Up 5% to 48.8p (£122m) - Response to reports in Philippines press - Graham - AMBER/RED

This relates to the Integrated Marine Environment Operating Systems (IMEMS) fisheries project in the Philippines.

The relevant press report is thought to be this article in the Daily Tribune, a national broadsheet.

CEO of SRT Marine, Simon Tucker, is named in the article in which they state that he, along with others, “will stand trial on graft charges related to an allegedly anomalous P2 billion vessel monitoring system project in 2018”.

2 billion Philippine pesos are today worth £27m.

The article continues:

The case stems from allegations that the three conspired to award a P2.09 billion contract to SRT-UK, despite the company’s prior disqualification from a French-funded bidding process. The original project, backed by a P1.6 billion French government loan, required bidders to be French or in a joint venture with a French firm.
SRT-France, a subsidiary of SRT-UK, was disqualified by the French Ministry of Finance due to British ownership and lack of operational facilities in France.

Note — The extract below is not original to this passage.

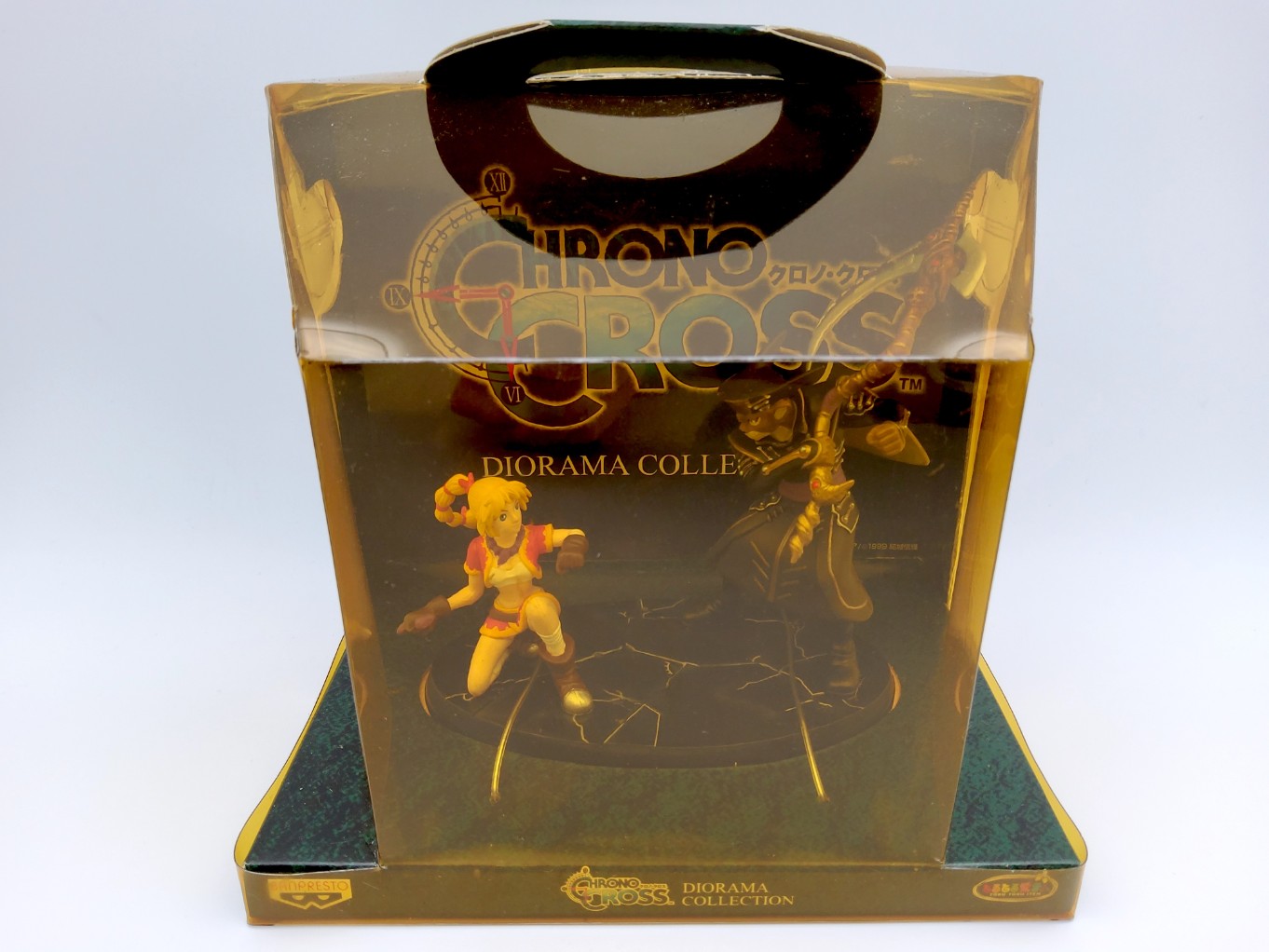 Diorama Chrono Cross - Complet 00004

And then perhaps most worryingly:

Tucker has yet to surrender to authorities. Judge Alagar ordered Tucker to appear in court and post bail before the 26 February proceedings.

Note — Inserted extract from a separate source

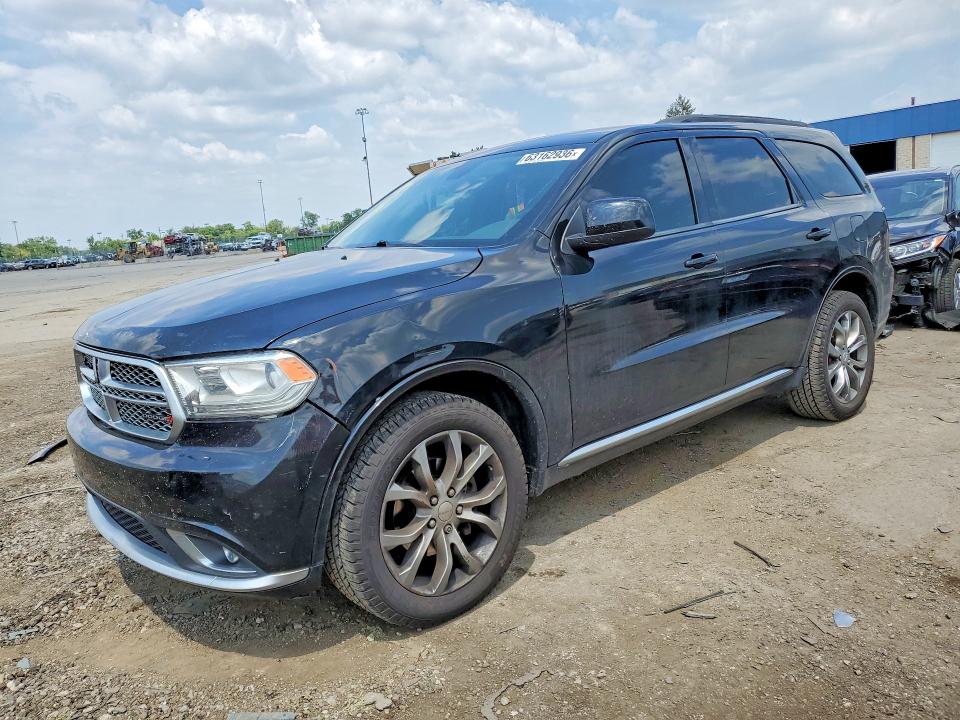 Aukcja sprzedaży 2018 Dodge Durango, vin: 1C4RDJAG1JC202018, numer aukcji: 63162936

SRT’s response (emphasis added by me):

As noted via an announcement on 24 April 2024, SRT clarifies that the IMEMS contract was won following an open and competitive international tender, which has been successfully implemented and is operational. The Ombudsman has previously confirmed that both SRT and Richard Hurd were cleared of any allegations. The Ombudsman had recommended further investigation into Simon Tucker and other individuals outside of SRT, and we are pleased to see this now moving forward through the Philippine legal process towards a clear resolution. The Board remains fully supportive of Simon who continues with the process to clear his name.

Richard Hurd is SRT's CFO.

It’s good news that the company itself has already been cleared. But Simon Tucker has been  CEO since 2008 - I trust that the Board has a succession plan, if a replacement for him was needed at short notice for any reason?

Graham’s view

Long-time readers will know that I’ve never believed in this company. There have been so many false starts and promises that it was about to succeed financially, but it never happened.

Recently, the promises of imminent success became larger than they had ever been.

The last outlook statement said that “the coming years will be transformational” (the Chair’s words). There were said to be £320m of system projects in the order book, to be implemented over the next two years. Another small ($15m) contract has been signed since then.

Historic annual revenues at SRT peaked at £30m (2023) and have been as low as £8m (2022). So the size of the order book now is huge, relative to past revenues.

Accordingly, I switched to neutral (e.g. see my comments in December) as I waited to discover if these huge projects would be delivered soon and if they would, as promised, transform the company’s fortunes.

But it was noteworthy that broker Cavendish did not publish any financial forecasts - not for FY June 2025 or any other year. Perhaps that’s just because the timing of revenue recognition is too difficult to predict, but it’s unusual.

Anyway, after today’s update, I think I’m going to trust my instincts and put AMBER/RED back on this stock again.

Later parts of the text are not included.